WHAT THIS TASK INVOLVES -> The listing that follows should be copied in full and exactly, with no pictures.

MATERIAL PROVIDED ->
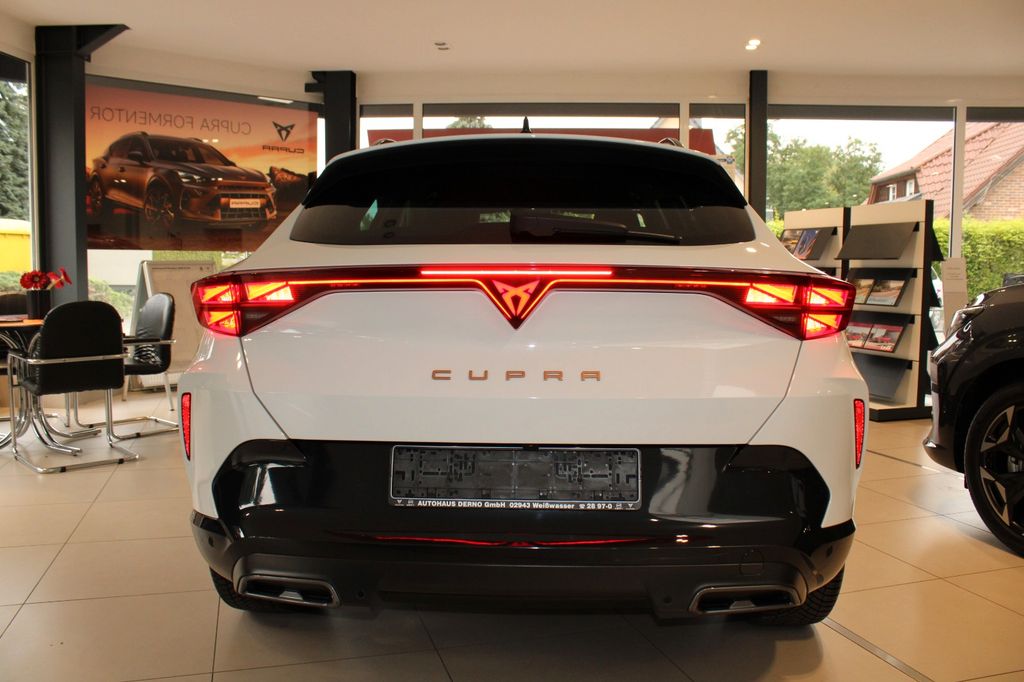 Cupra Formentor 2024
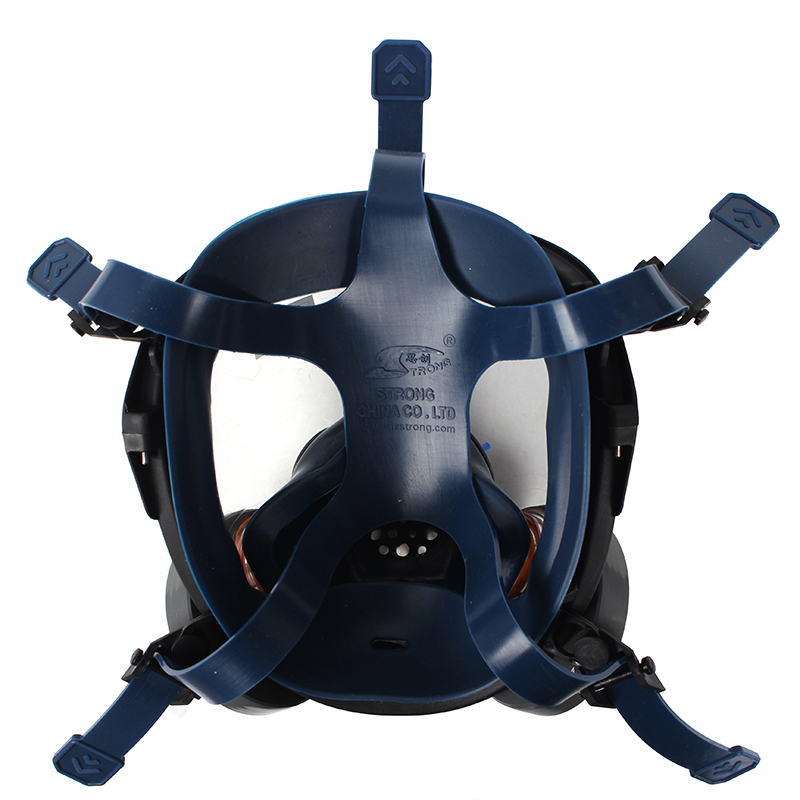 思創(chuàng)ST-S100-3硅膠全面罩防毒面具圖片3 思創(chuàng)ST-S100-3硅膠全面罩防毒面具圖片3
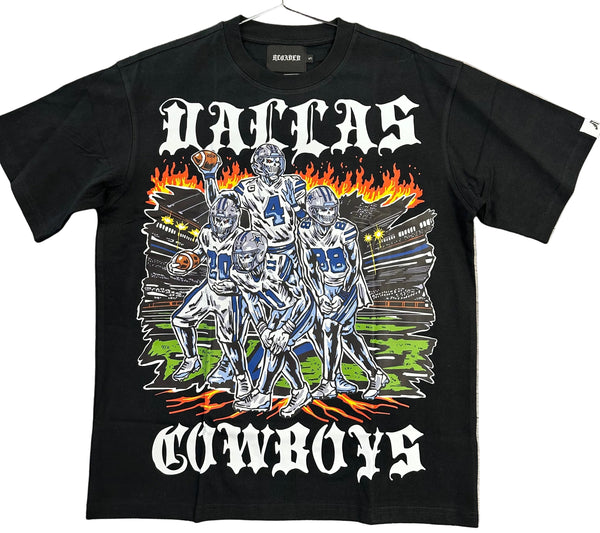Rloaded Tee "Cowboys"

OUTPUT ->
 Cupra Formentor 2024
 思創(chuàng)ST-S100-3硅膠全面罩防毒面具圖片3 思創(chuàng)ST-S100-3硅膠全面罩防毒面具圖片3
Rloaded Tee "Cowboys"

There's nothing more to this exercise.